Meta was once one of the world’s most valuable companies and is considered one of the Big Five American information technology companies, alongside Alphabet, Amazon, Apple, and Microsoft. As of 2022, it is the least profitable of the five and has fallen from the list of the top twenty biggest companies in the United States. The company owns Facebook, Instagram, and WhatsApp, among other products and services. In October 2021, the parent company of Facebook changed its name from Facebook, Inc., to Meta Platforms, Inc., to “reflect its focus on building the metaverse.”
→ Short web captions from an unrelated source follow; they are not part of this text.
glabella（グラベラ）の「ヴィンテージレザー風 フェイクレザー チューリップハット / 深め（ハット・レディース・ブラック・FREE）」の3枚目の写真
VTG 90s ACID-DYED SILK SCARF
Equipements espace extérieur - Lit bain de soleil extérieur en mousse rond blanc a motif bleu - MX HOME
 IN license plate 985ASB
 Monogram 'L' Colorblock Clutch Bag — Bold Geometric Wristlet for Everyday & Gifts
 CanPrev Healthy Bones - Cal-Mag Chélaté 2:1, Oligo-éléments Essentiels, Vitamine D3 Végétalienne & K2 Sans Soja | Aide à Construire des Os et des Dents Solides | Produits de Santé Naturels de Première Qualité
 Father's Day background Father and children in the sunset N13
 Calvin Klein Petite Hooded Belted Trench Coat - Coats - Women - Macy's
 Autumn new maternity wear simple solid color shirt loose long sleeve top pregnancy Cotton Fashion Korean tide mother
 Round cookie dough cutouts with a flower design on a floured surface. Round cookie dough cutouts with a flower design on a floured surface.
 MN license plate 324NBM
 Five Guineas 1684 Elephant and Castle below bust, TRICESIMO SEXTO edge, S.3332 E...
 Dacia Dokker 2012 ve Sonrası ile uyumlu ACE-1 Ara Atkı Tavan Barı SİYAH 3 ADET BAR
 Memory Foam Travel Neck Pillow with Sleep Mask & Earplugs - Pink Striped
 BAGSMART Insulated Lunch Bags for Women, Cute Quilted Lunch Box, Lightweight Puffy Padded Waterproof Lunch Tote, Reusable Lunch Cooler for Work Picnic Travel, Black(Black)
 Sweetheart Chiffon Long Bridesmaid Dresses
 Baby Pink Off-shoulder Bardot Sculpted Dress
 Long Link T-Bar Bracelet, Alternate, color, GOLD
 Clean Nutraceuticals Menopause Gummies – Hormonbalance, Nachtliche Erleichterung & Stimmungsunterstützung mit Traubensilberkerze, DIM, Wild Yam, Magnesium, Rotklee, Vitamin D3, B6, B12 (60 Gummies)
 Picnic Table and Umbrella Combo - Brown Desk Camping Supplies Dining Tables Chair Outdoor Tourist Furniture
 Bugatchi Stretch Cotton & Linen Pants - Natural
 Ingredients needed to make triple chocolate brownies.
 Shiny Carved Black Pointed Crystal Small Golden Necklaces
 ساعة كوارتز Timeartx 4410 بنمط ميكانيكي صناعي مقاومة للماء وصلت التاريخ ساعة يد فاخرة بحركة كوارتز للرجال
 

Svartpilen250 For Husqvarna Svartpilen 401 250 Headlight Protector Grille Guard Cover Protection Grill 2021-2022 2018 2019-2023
The metaverse is still in its embryonic stages. Still, an increasing number of market participants are jumping in on the companies they believe will lead the way into this fantastic new iteration of the internet. For investors who want to get their foot in the door now, pioneering META seems like a good choice, especially since its price has been slashed more than 66% over the past year.
Signs of a weakening ad market have been apparent as prices have risen across the board. Regulatory troubles, layoffs, and management changes have intensified the pain for META this year. But as inflation cools, Meta’s commercial ad spend seems likely to recover as soon as the second half of 2023. If investors should be greedy when others are fearful, this may be the perfect time to scoop up shares of the social media giant.
Of 58 polled analysts, 38 recommend buying META stock, while 19 rate the stock as a Hold, and only one rates it as a Sell. A median price target of $145 represents an increase of 6% from Wednesday’s opening price.